SUGGESTION:  recurse directory trees strictly by subdirectory name. 
Use preferably non-ascii order, i.e. AaBb etc rather than A-Za-z , as I guess this is how most users would prefer an alphabetical but case-sensitive ordering to work.
Start at the top directory, and play all music files in it in this name order.  Then take the sub-directories (if any) in the same name order, and repeat the same rules for each of these.
For what I have seen as common music file trees, this would give the most desirable ordering.


#  Make clearly ordered directories, but in strange 
# creation order.
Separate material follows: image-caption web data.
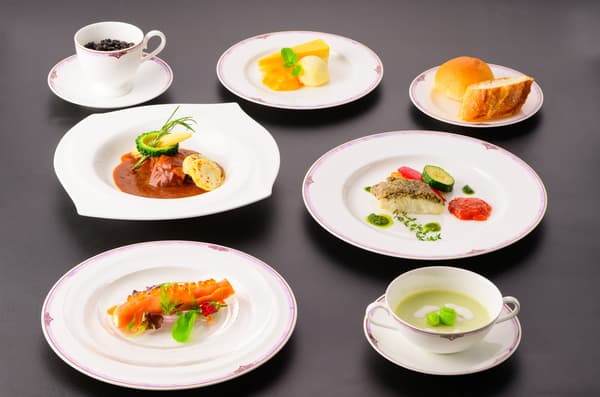 Brise Marine – Southbound Lunch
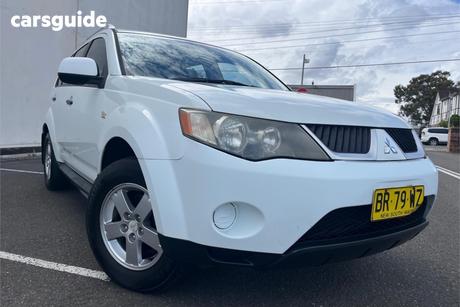 White 2009 Mitsubishi Outlander Wagon Ls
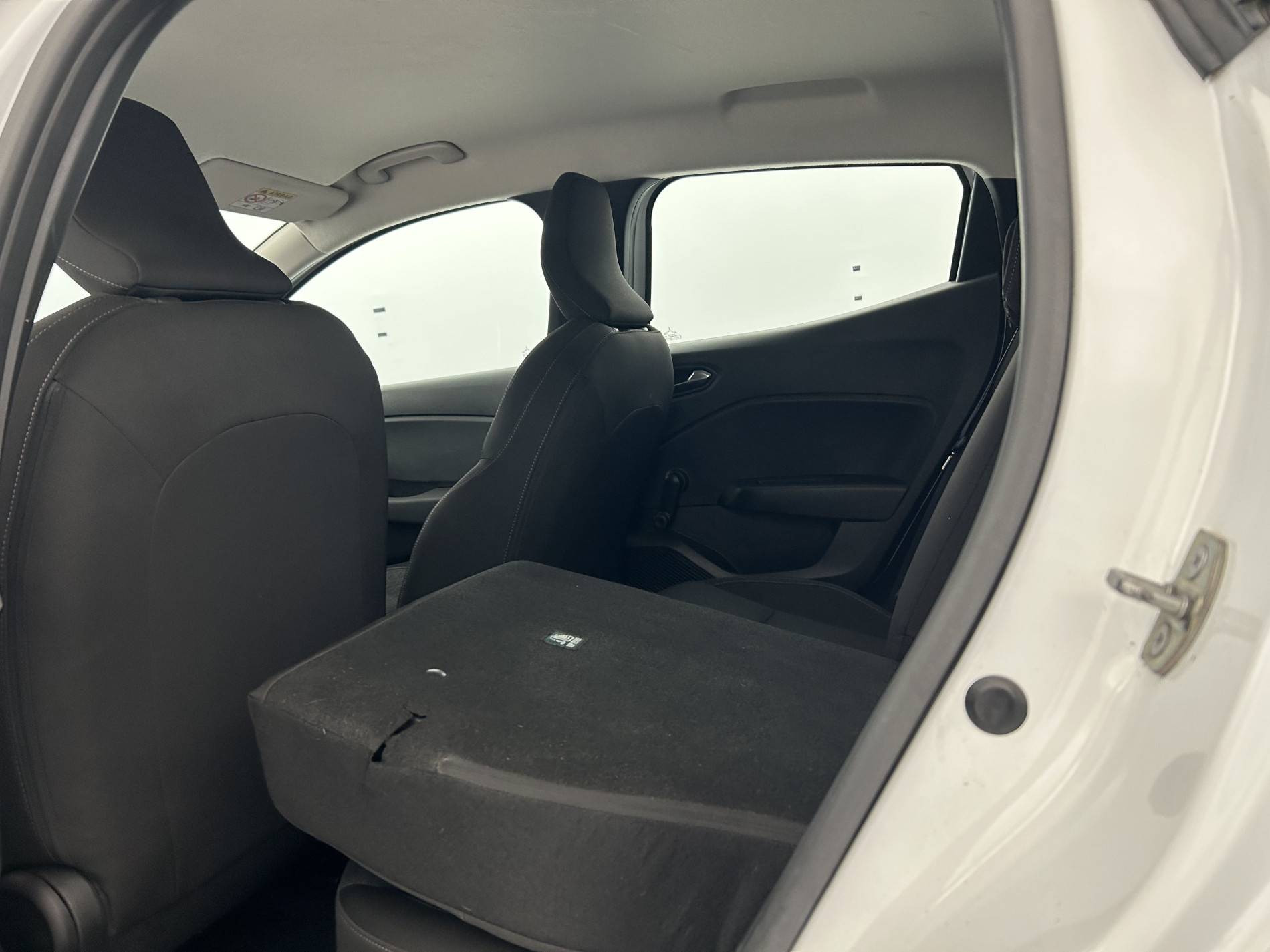 Vente en ligne Renault Clio 5 Clio E-Tech full hybrid 145 au prix de 15 890 €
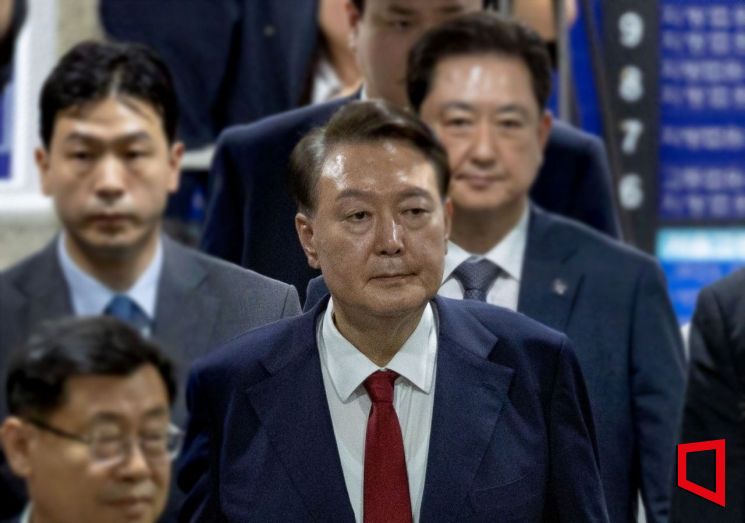특검, 尹 조기 구속기소…"헌법상 계엄 사전 통제장치 무력화"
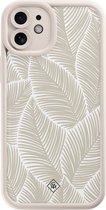 Casimoda® hoesje - Geschikt voor iPhone 12 - Palmy Leaves Beige - Effen telefoonhoesje met lensbescherming - TPU - Backcover - Bruin/beige
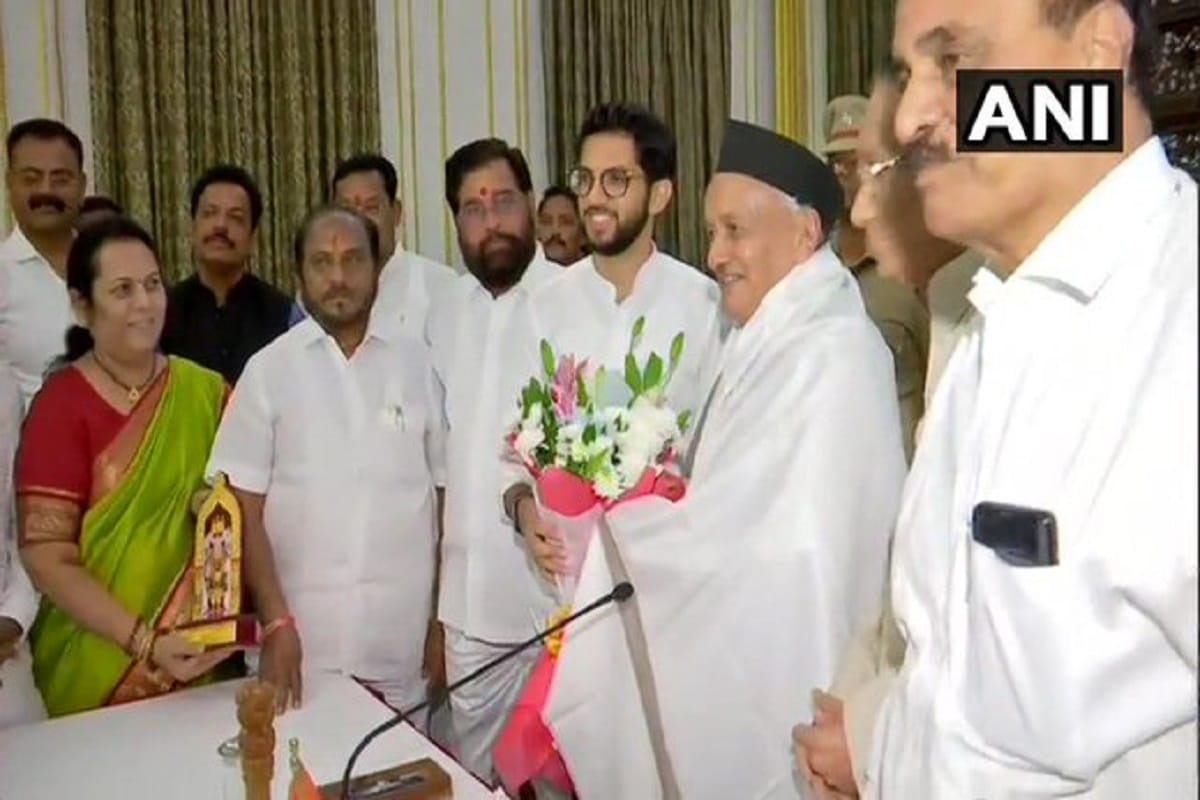Uddhav Thackerays dream to become Chief Minister Of Mahararshtra Broken Saturday early morning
Add music files to directories.
mkdir cd_{1,3,2}
cp ~/test.ogg cd_1/1st_cd.ogg
cp ~/test.ogg cd_3/3rd_cd.ogg
cp ~/test.ogg cd_2/2nd_cd.ogg

# Use `find' to show the directory entry order
find . -type f

# Now do same thing for creating cd_{1,3,2}
# but create files in normal order.
cd ..; mkdir new; cd new
mkdir cd_{1,3,2}
cp ~/test.ogg cd_1/1st_cd.ogg
cp ~/test.ogg cd_2/2nd_cd.ogg
cp ~/test.ogg cd_3/3rd_cd.ogg
## Suggests it is listing of subdirectories in parent
## rather than creation times of files that is used 
## for ordering

# Finally, add more files in the above tree, in yet another order:
cp ~/test.ogg cd_3/3rd_cd__a.ogg
cp ~/test.ogg cd_2/2nd_cd__a.ogg
cp ~/test.ogg cd_1/1st_cd__a.ogg

find . -type f
## Noatun does exactly the same as `find' here too

The sensible order is given by 
echo */* | xargs -n1

Finally:  I rather wonder if some random play effect is used by default, as I have just tried this same test-directory in noatun with a different result from last time.  If this is part of the problem, I suggest it should be turned off by default, as it is confusing.  I deleted my noatunrc file just in case I had sometime set such a thing.